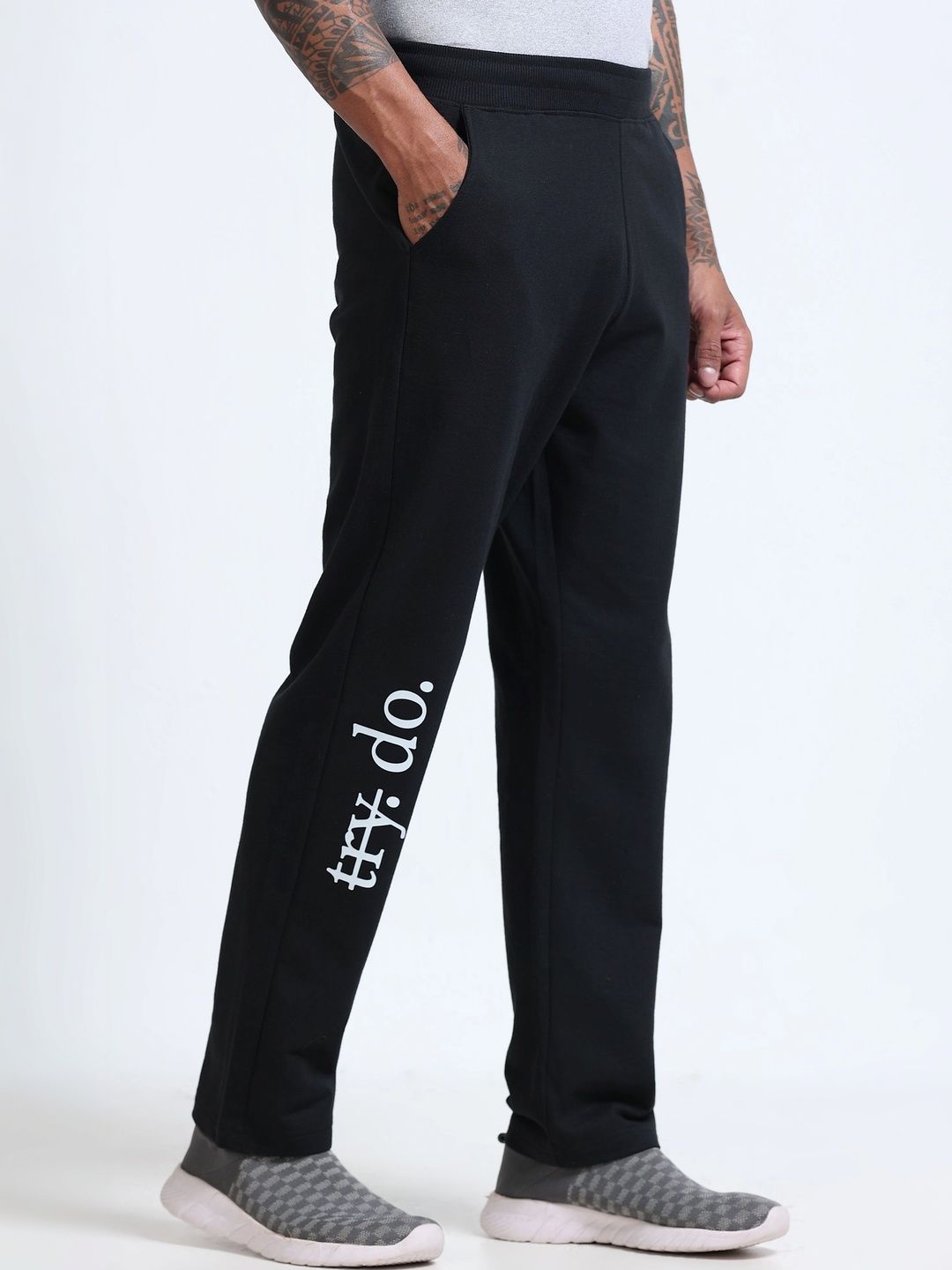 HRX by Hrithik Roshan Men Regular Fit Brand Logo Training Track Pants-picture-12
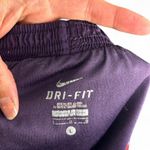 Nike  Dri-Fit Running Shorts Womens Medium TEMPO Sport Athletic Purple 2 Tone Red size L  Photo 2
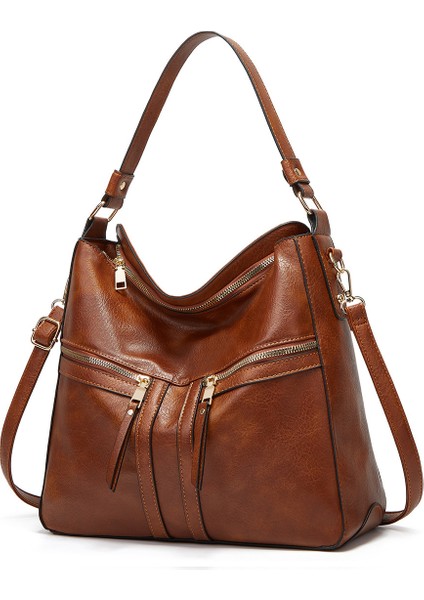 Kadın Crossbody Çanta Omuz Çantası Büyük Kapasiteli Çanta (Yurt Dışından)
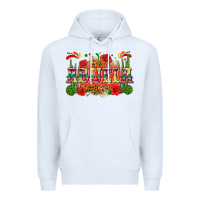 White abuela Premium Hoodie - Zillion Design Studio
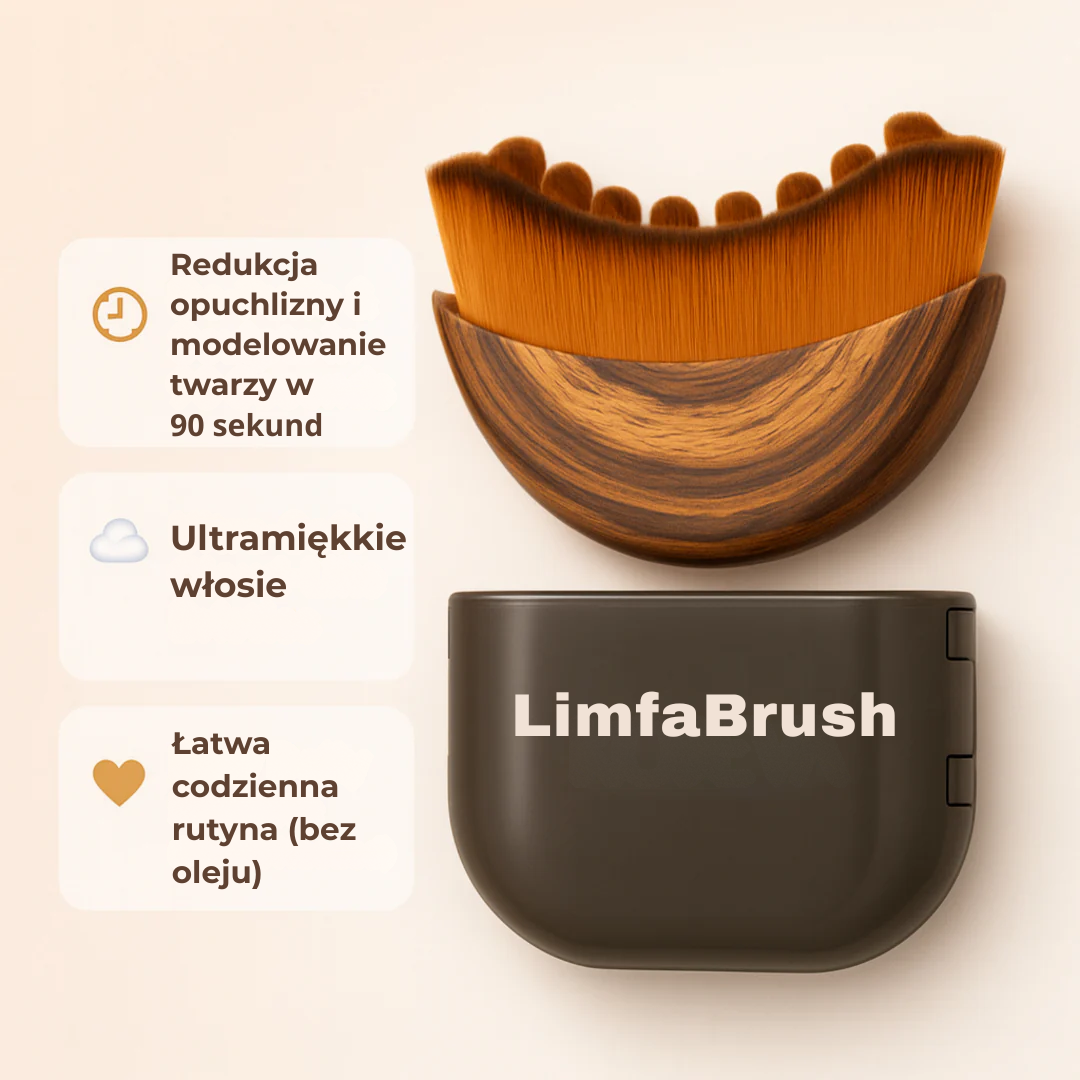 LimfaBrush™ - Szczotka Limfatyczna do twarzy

::::::

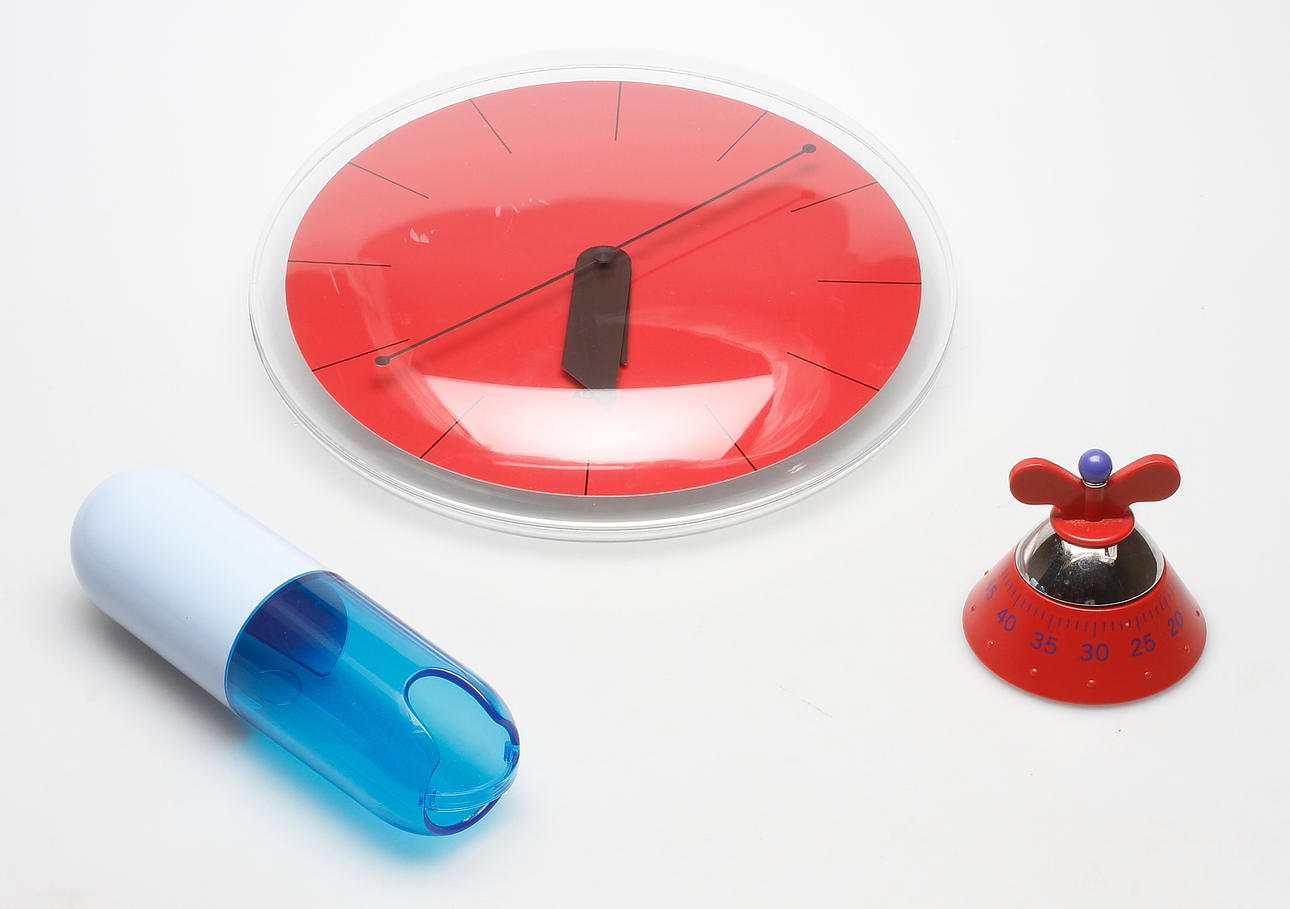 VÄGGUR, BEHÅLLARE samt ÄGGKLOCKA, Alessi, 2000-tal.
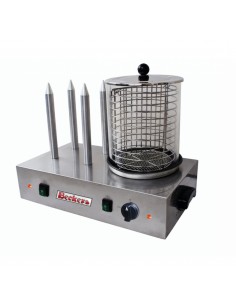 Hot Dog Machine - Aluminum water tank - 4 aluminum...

::::::

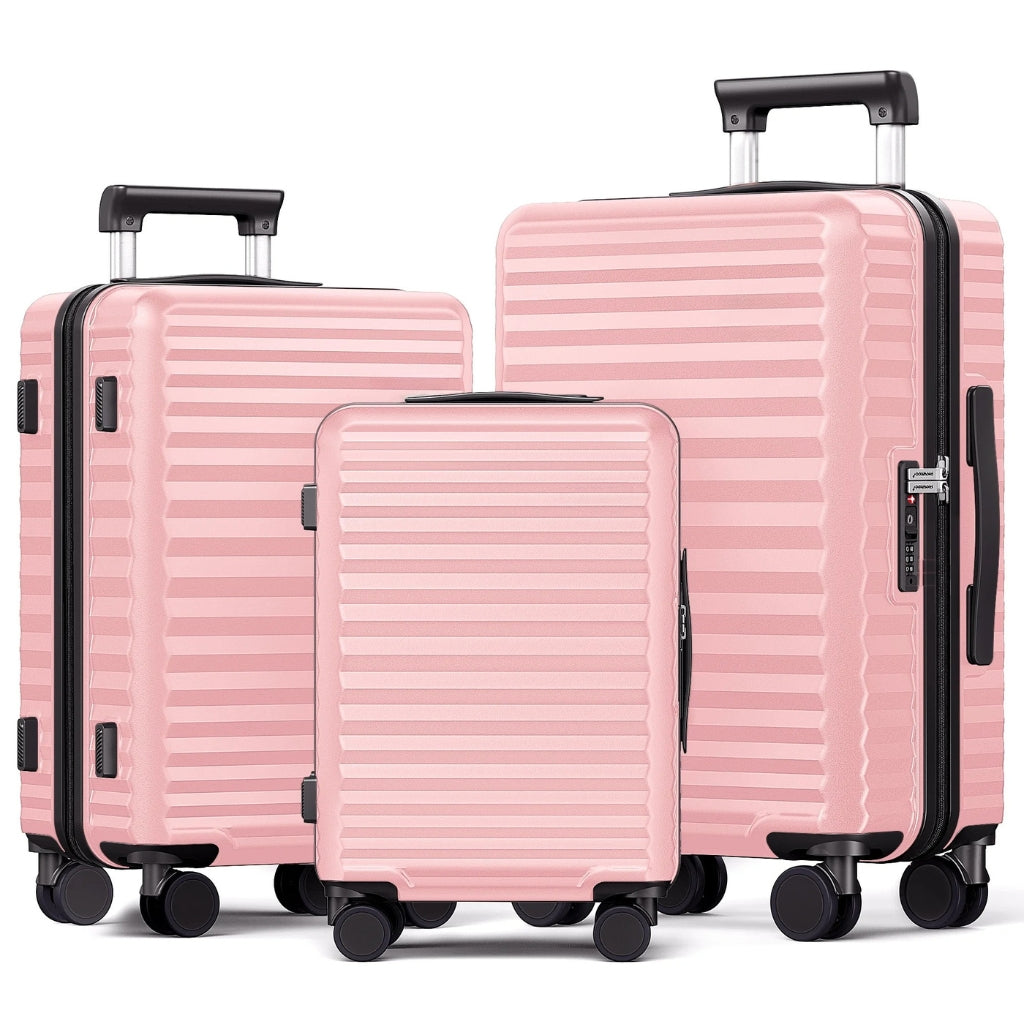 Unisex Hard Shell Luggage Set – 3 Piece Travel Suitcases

::::::

> **WHAT TO WORK ON**
When you reach the line with "Kadın Crossbody Çanta" in the records above, start writing out each line exactly, and stop after the line with "LimfaBrush™ - Szczotka Limfatyczna do twarzy". Pictures stay out.

> **REPLY**
 Kadın Crossbody Çanta Omuz Çantası Büyük Kapasiteli Çanta (Yurt Dışından)
 White abuela Premium Hoodie - Zillion Design Studio
 LimfaBrush™ - Szczotka Limfatyczna do twarzy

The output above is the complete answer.